> **GIVEN DATA**

• • • • •

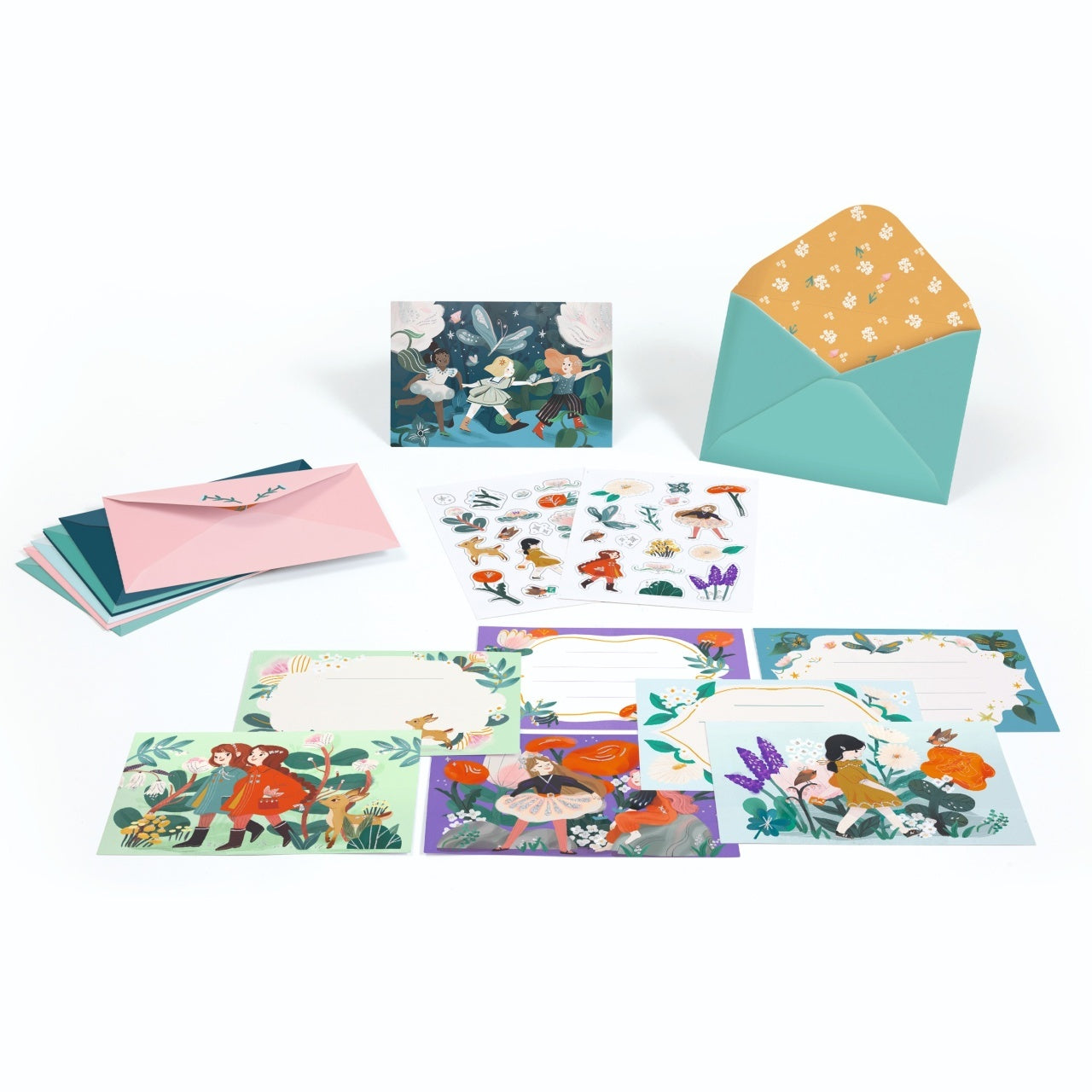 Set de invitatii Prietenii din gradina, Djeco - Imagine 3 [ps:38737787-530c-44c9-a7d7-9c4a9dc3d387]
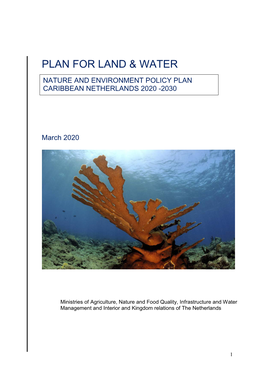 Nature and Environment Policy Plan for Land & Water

• • • • •

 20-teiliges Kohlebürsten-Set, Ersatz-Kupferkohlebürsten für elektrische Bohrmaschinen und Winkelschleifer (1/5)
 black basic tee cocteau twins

• • • • •

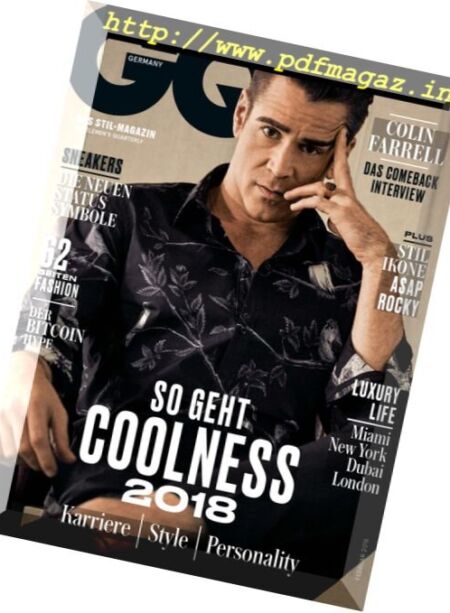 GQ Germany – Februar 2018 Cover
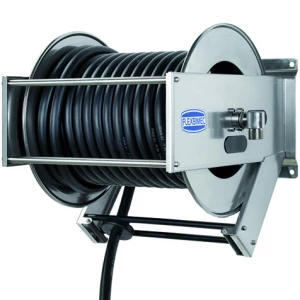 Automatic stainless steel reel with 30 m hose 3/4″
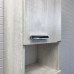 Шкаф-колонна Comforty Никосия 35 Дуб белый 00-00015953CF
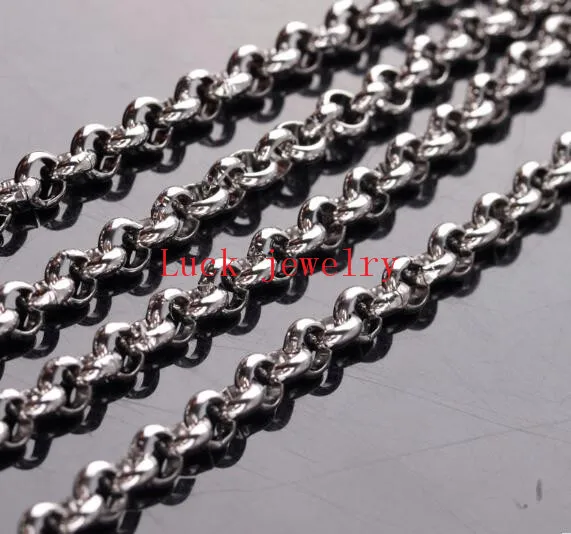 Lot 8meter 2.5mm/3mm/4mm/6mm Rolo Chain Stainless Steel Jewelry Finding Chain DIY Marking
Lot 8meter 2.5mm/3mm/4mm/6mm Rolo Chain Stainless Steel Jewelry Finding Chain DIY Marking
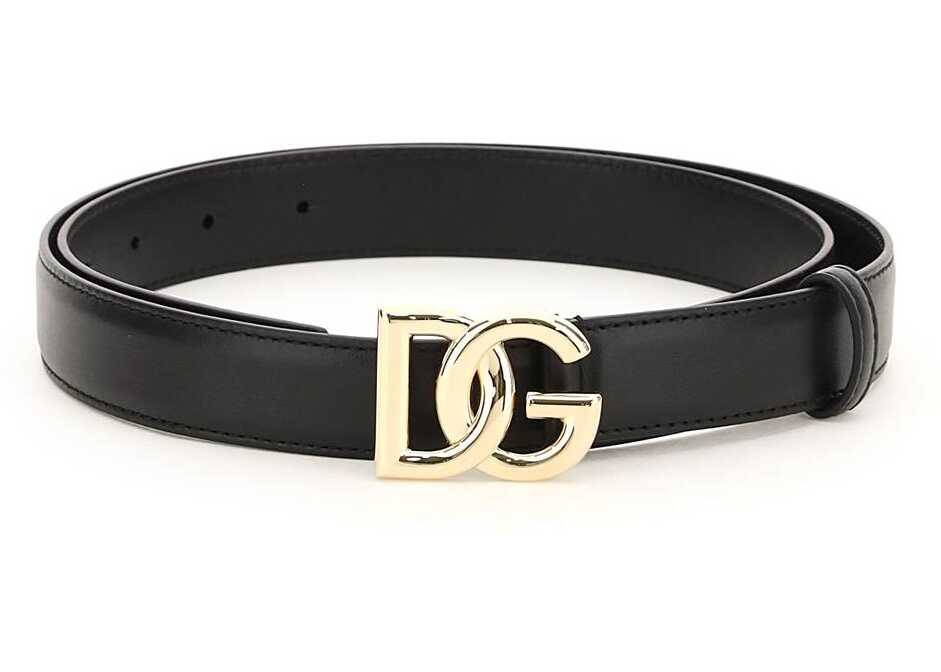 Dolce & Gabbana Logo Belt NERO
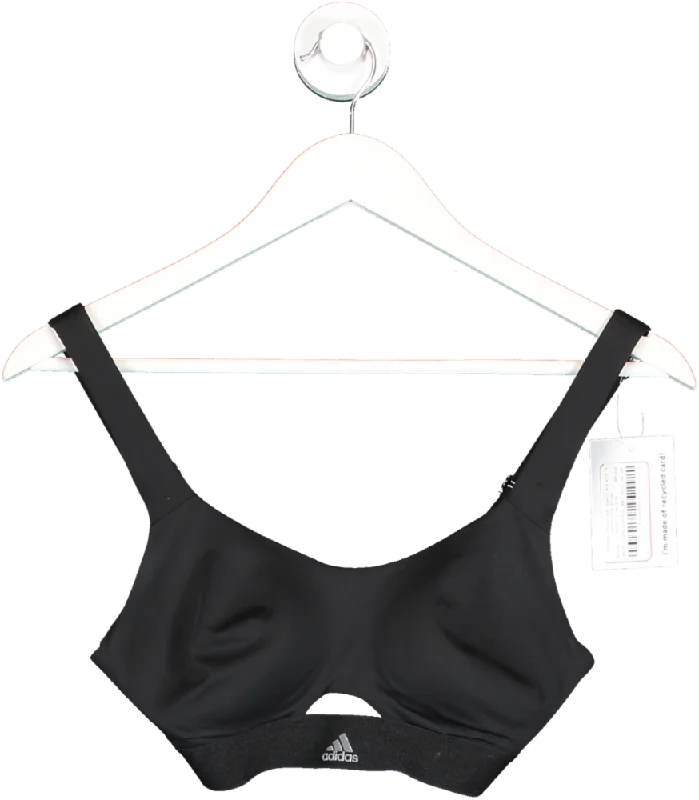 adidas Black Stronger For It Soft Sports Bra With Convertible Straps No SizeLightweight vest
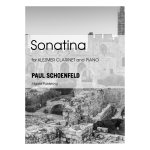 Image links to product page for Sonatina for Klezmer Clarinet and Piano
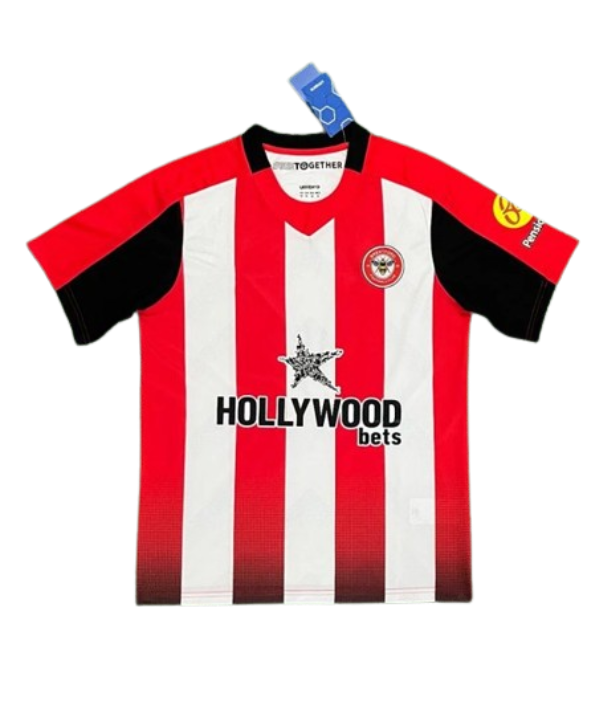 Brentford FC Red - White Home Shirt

• • • • •

> **WORK ITEM**
Please output, exactly as written, the lines above from the one holding "Set de invitatii" through the one holding "Nature and Environment", both included, with the pictures omitted.

> **REPLY TO THE TASK**
 Set de invitatii Prietenii din gradina, Djeco - Imagine 3 [ps:38737787-530c-44c9-a7d7-9c4a9dc3d387]
 Nature and Environment Policy Plan for Land & Water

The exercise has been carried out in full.